この研修の一環として、高品質タンパク質トウモロコシ(QPM: Quality Protein Maize)品種とハイブリッドが導入されました。もう1つの特徴は、中国のウォーターハーべスティング(雨水利用栽培)や細流灌漑技術の導入でした。PADEPプロジェクトが世界銀行に承認されると、SG2000は、新しい作物生産代替技術のパイロット試験や、農民グループが選択した技術を効果的に実証するための現場監督支援など、PADEPプロジェクトでの活動を継続するよう依頼されました。
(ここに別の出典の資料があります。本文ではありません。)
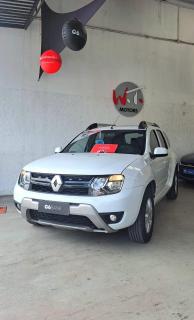 Foto do veículo Renault Duster 1.6 16v Hi-flex Dynamique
PADEPは、タンザニア本土の26県とザンジバル島で実施されました。プロジェクトの目的は、約840の村のおよそ50万の零細農家に支援を行うことでした。2002/03年の作期に、SG2000は引き続き土壌肥沃度回復技術の実証を行うとともに、QPMの実証栽培を開始しました。しかし2004年までに、SG2000による支援をより切実に必要としている地域が他にあることが明らかになり、タンザニア・プロジェクトは終了しました。

 

主な成果:

KSG2000プログラムは、MTPプログラムに参加した多くの農家のトウモロコシの収量に、大きな影響を与えました。当初MTPに参加した農民は、プログラムを卒業すると、投入資材の費用をすべて支払わなければならないという現実に直面し、支払いを行うために、投入資材の使用量を、代金が支払い可能で、なおかつ利益の出る水準に調整しました。実際、肥料の使用量は少なく、またその他の化学品の利用も低水準でした。農場レベルでの肥料の利用が制限されたのは、肥料を入手できないためではなく、政府補助金の廃止以降、コストが極端に多くなったためです。QPMの栽培面積は、プログラムの終了時点で5,000ヘクタールになっていました。

タンザニアのポストハーベスト・プログラムは地域の見本となり、エチオピアやマラウイ、ザンビアから改良普及スタッフが視察に訪れ、各種ポストハーベスト作業の実践的実施方法を学習しました。
KSG2000プログラムに関与した改良普及専門家は豊富な専門知識を獲得し、参加農民の信頼を得ました。また、多数の改良普及専門家が、ソコイネ大学で行われたSAFE研修によって能力を強化しました。同大学でのプログラムは、現在も続いています。

また、政府は、ボーローグ博士の提言にもかかわらず、費用効果の高い投入資材流通への改善に向けた、農業資材専門販売店の創設や農業資材販売業者のネットワークの構築に注力しませんでしたが、あまり支援もない中でも取り組みを継続した業者は、事業を大幅に成長させることに成功しました。民間農業資材販売業者のネットワークという考え方が定着し、現在は広く受け入れられています。